Salinger for Millennials or Y-Generation Classics

Evgeny Avetisian
% PERCENT by omnifinery.com
9 min readFeb 18, 2021

Congratulations, you’ve passed the test. You are a normal person.

There is this plot where the main character, whose heart is left in a thousand pieces, suddenly realises that it’s time to go on; he gazes at his blinking laptop screen with a wise air, listening to a wistful wailing of some country singer before adding his masterpiece about the advantage of painful break-ups to the world literature. The world is writhing in agony but proud Peter doesn’t give up, forgets Wendy, and beats the devil himself. It’s just Wendy! Just a worthless girl. The fool goes on living her mediocre life, working as a waitress, for example, and raising her ordinary children. She’s happy, but now Peter is Pulitzer’s prize owner for the best fiction. Now Peter is more than happy, he’s just a lucky thing.

Filthy lie, isn’t it? How many times in recent, let’s say, 5 years your heart was left in pieces? How many world literature masterpieces you have written in this period? No, long massages, feverishly written to the object of love have nothing to do with a literary legacy. You complain to your friends, make a long and hard way to get someone’s attention, present yourself as a wreck in the eyes of others just to get a little bit of love. You enjoy how pathetic you’ve become. You can’t forgive yourself your folded arms while someone is there, on another side of life, working as a waiter, raising two ruddy peanuts, and is happy as he is. And you have nothing but to chew your lip in envy and wait for the Man Booker Prize to fall down on you. Or maybe to visit a psychotherapist, and to forget, forget, forget…

Can you remember the name of a loser mentioned above?

Congratulations, you’ve passed the test. You are a normal person.

When Irish writer Sally Rooney was 28 years old, her second novel “Normal People” was published, it immediately became a best-seller, and even was adapted for the screen two years later. “Salinger for Millennials”, said media about the book.

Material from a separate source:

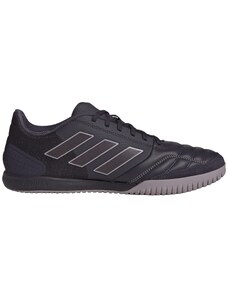 обувки за футзал adidas TOP SALA COMPETITION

Salinger. For millennials. Only think about it! It’s embarrassing even to be ironic.

Classmates Connell Waldron and Marianne Sheridan are the main characters. He is a school football team star, life and soul of the party. She is a withdrawn lonely black sheep, a strange girl from a rich family. His mother works as a housemaid in the Sheridan’s’ manor. They feel the tug of each other, and they even start a weird relationship during their final class, which continued at Dublin University. Both entered the university but he did because of Marianne’s support and insistence.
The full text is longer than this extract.